Speaking of the salary cap, how unfamiliar is it for the Sharks to still be so far down CapGeek’s list (at 21 today)? They have $6,145,000 available, with 23 players signed and the stated intention of not shopping for help. It is an unfamiliar situation to not be in the top five list of teams that have no money to spend.

The hot topic at the start of camp was still who was not wearing a letter on their sweater. At this point, I am willing to examine the decision to remove the letters from Joe Thornton and Patrick Marleau less as an indictment of those two and more as a challenge to the rest of the team.

The idea that there are more than three or four leaders in the room is not a new one. It is something players have said over and over on many teams. But what does it really mean? If you take away the title of captain, everyone has to look a little harder at everyone in the room and ask themselves who they would like to hear from, who they should be listening to. So long as someone wears the letter, there must be some expectation that that guy will start the conversation if it needs to be started.

The decision to have a team meeting in Tahoe before camp came from Adam Burish and Jason Demers. Both are known for being engaging and media friendly, good ambassadors, but neither has worn a letter on the team. Perhaps this is a sign that different players, more players, are warming up to the idea of leading with or without a letter. Or maybe those two would have come up with that idea no matter what the state of designated leadership was. In any case, it is an example of what can occur when leadership roles are up for grabs.

In that sense, it may be regrettable that a team needs to put letters on anyone at all for games. To switch them around frequently could cause confusion during games.
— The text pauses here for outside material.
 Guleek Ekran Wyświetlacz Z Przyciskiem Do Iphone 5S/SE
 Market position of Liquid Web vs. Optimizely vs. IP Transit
To put them on will quell the useful chaos that a lack of letters can produce.

While the captaincy question may produce some positive chemistry for the team, it is hard to ignore the way the decision was initially communicated- or not- to the players involved. That still makes it seem like a reprimand to Thornton and Marleau as well as the rest of the team. Of course if everyone is responsible, then that includes them.